One example includes a hot dog sausage supply contract awarded to company W., which was added to the vendor list despite failing the required market screening process. The contract was awarded through a non-standard, closed procedure, and the audit revealed indirect ties between the company and Obajtek. The company’s CEO reportedly cited conversations with Obajtek and ORLEN board member Michał Róg when dealing with ORLEN staff.
A criminal report in this case was also filed in late March 2025.
Sponsorships and the CEO’s Apartment Deal
Two separate audits confirmed irregularities in the funding of a football academy and sports club linked to the owner of Profbud, the company from which Daniel Obajtek purchased an apartment in Warsaw’s Awangarda estate at a price significantly below market value.
During Obajtek’s tenure, ORLEN transferred over 2.25 million PLN to these institutions.
Findings were handed over to investigators at the end of March 2025.
Censorship in Media Outlets Acquired by ORLEN
Auditors found that the acquisition of Polska Press, a media publisher, may have had a political motive. During the 2023 election campaign, the company created mechanisms to block election advertisements from one side of the political spectrum while promoting the other.
A prosecutor notification in this matter is currently being prepared.
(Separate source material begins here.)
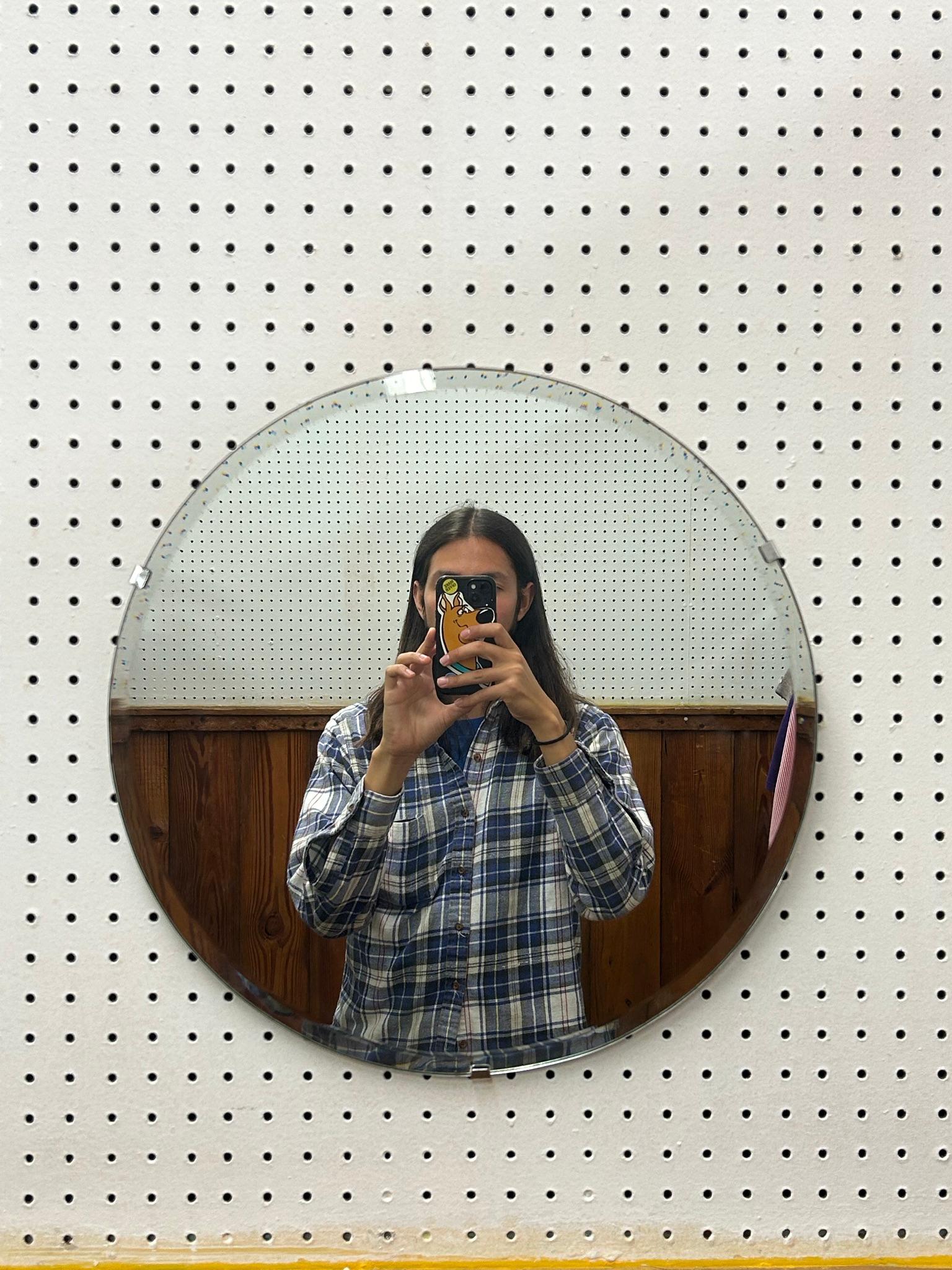 Este espejo de pared moderno de mediados de siglo tiene un cristal de espejo vintage con el borde biselado y un resistente alambre para montarlo.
More Prosecutor Referrals Coming
Additional notifications to the prosecutor’s office are being prepared and will be submitted in the coming weeks. Audit findings point to:
- Violations of corporate governance standards,
- Abuse of authority,
- Business decisions made against market realities, exposing the company to losses,
- Misallocation of funds from both ORLEN companies and related foundations to people and institutions linked to board members or politicians from the former ruling party,
- Conflicts of interest,
- The existence of a “blacklist” of media outlets,
- Unjustified spending by board members,
- Unjustified purchases of services, including private investigation services.
The financial consequences of the former management board’s misguided decisions and questionable deals are still weighing on the company, with losses now estimated in the tens of billions of PLN.
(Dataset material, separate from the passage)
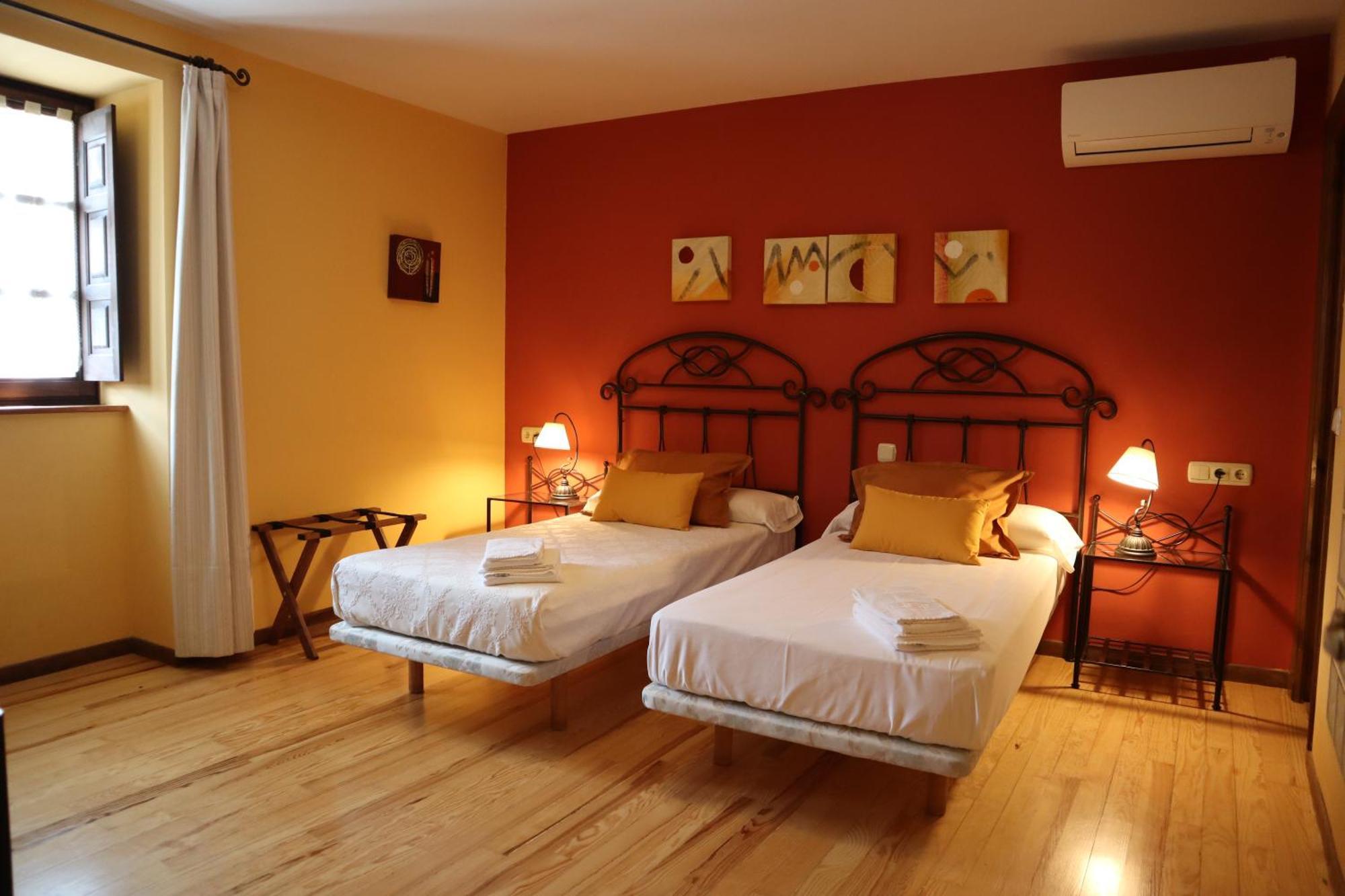 Hotel Rural El Almadiero Burgui Bagian luar foto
Ensuring Energy Security While Cleaning Up the Past
Despite the ongoing audits, ORLEN’s current board continues working to ensure Poland’s energy independence and security. The foundation of this effort is the new ORLEN Group Strategy, which has become the most positively received strategic document in the company’s history.
Within the past year:
- ORLEN increased installed renewable energy capacity by 50%,
- Construction began on Poland’s first offshore wind farm, set to deliver electricity by 2026,
- The company secured over 10 billion PLN in funding for the modernization and development of the electricity distribution network.
Construction is also progressing on two CCGT power blocks in Ostrołęka and Grudziądz. Preparations are underway for additional units in Siekierki, Gdańsk, and Grudziądz II. These projects aim to ensure stable power supply during Poland’s energy transition until nuclear or hydrogen technologies reach full scale.